I guess this would be put me at level 10. But that is still not a pyramid. Why? Because there is no barrier to entry for anyone at any level. Nothing prevents anyone else from also getting involved at Level 10. You will have access to the same news sources, the same discussions, the same data, the same numbers, many of the same people, many of the same phone numbers. The more the merrier. It truly is.
But then there are hitherto unnamed people who secretly believe they are the chairpersons of the whole thing. That would not be as offensive if they were actually putting in some work. But to them it is a status thing. Work or no work, they are at the top. And they don't even have names, many of them.
The work has been slightly disrupted, temporarily, but it has not been stopped.
I am going to keep working the underground to try and get me reinstated to the Nepal Democracy Forum. But I already have had people call me and suggest the comments sections of this very blog would be a better forum. For one, it would be open. I dig the idea, kind of. There are less than five active people at that forum in the first place. This blog has a much wider readership than that forum.
But I do want to be reinstated.
Another thing that came up is quite a few people at that forum are leery of attaching their names to the work being done. It is perfectly okay for them to work anonymously or to not work at all. But they go one step further: they stop the work! They get in the way! They will not do it themselves, and they will not let others do it. And these are people with sound democratic credentials. Speed of execution of plans is not an issue to some of these revolutionaries.
I believe I have given sound answers to every single criticism that got heaped my way. And if there are more, I would be more than happy to take them in the comments section right here. Criticisms on fundraising methods, criticisms on hiearchies within the movement work, I have dealt with them all.
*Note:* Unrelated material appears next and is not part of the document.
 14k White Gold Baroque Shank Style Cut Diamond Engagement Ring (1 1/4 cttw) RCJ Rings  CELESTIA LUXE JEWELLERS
If you want to glow brighter than me, put in the hours. Don't begrudge that I am glowing. As far as I am concerned, publicity is the biggest chunk of the work. The more noise we make, the better for the freedom fighters in Nepal. So don't be complaining that we are partly succeeding.
And there is to be no compromise on free speech. It is weird that so many Nepalis with such advanced degrees from major American institutions do not get free speech. Free speech does not come with ifs and buts. I have heard some really weird excuses. "Oh, but we are family." "We are just a group of friends." "What you are saying is right, what is not right is the way you are saying it." "Such and such has such and such degree from such and such place." It is okay to say all those things and more, but it is not okay to say that or anything else and go ahead and curb free speech. If you disagree, you express your disagreement, you don't proceed to shut up the other person.
Maybe the seven party alliance and the diaspora Nepalis are not that different from each other.